# Softening new leather bridle



## boots (Jan 16, 2012)

I only use neatsfoot (my boss's preference) or olive oil (my preference).

When faced with a new bridle or halter that is stiff, I put the whole thing in a container of the oil and leave overnight. The next day I hang it in shade to stop dripping (over the bucket of leftover oil, if possible) and at the end of that day, wipe off the excess.

Inexpensive or expensive leather, I like the results.


----------



## unclearthur (Feb 25, 2012)

boots said:


> When faced with a new bridle or halter that is stiff, I put the whole thing in a container of the oil and leave overnight.


I've heard lots of people do the same thing, so I ought to point out over-oiling like this will weaken the leather. Basically the fibres swell to the point they break apart, which is why the item appears softer or more flexible. Problem is it won't last so well or be as strong - oiling really needs to be done sparingly.

As to the original question it's traditionally oil before soap. Soap, applied on a dry rag so it doesn't lather and block buckle-tag holes, helps seal oil inside the leather for longer. 

So it's oil first, surface treatment after for me


----------



## Toymanator (Jul 31, 2009)

boots said:


> I only use neatsfoot (my boss's preference) or olive oil (my preference).
> 
> When faced with a new bridle or halter that is stiff, I put the whole thing in a container of the oil and leave overnight. The next day I hang it in shade to stop dripping (over the bucket of leftover oil, if possible) and at the end of that day, wipe off the excess.
> 
> Inexpensive or expensive leather, I like the results.


I have found that olive oil really doesn't condition the oil, it is just a cheap way to darken the leather. Lots of people and saddle makers use neatsfeet or lexal. But I have found that hands down the best stuff to condition leather is Skidmore's Leather Conditioner, works better then anything else I have found.


----------



## ARABIANknight (Aug 15, 2012)

Thanks for the help guys! =)
_Posted via Mobile Device_


----------



## Saddlebag (Jan 17, 2011)

When I worked in the restoration of library materials, much of which involved leather book bindings, Lexol was all we used because it is neutral as far as acidity was concerned.


----------



## boots (Jan 16, 2012)

I'd never heard that soaking, as I do, weakens the leather. I'll be looking into that. Thanks for mentioning it.

UncleA - Surely you don't oil over dirt. I soap first to remove dirt and sweat then apply oil.


----------



## unclearthur (Feb 25, 2012)

boots said:


> I'd never heard that soaking, as I do, weakens the leather. I'll be looking into that. Thanks for mentioning it.
> 
> UncleA - Surely you don't oil over dirt. I soap first to remove dirt and sweat then apply oil.

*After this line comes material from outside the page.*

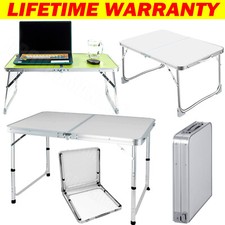 Folding Table Heavy Duty Camping BBQ Wedding Market Garden Party Indoor Outdoor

Wipe over with a wrung-out rag in hand-hot water to get dirt and grease off before oiling. I'm told it also opens the pores a little to better absorb oil, but that sounds a bit far-fetched to me - leather's _dead_ skin after all. :?

The problem with using soap to clean is you have to get a lather to do it properly and that clogs buckle holes and leaves white residue in stitch lines, unless you wash it off afterwards with clean water. I think you just end up making the leather wetter.

I've always cleaned tack the old-fashioned Pony Club way. Maybe it's my age :wink:


----------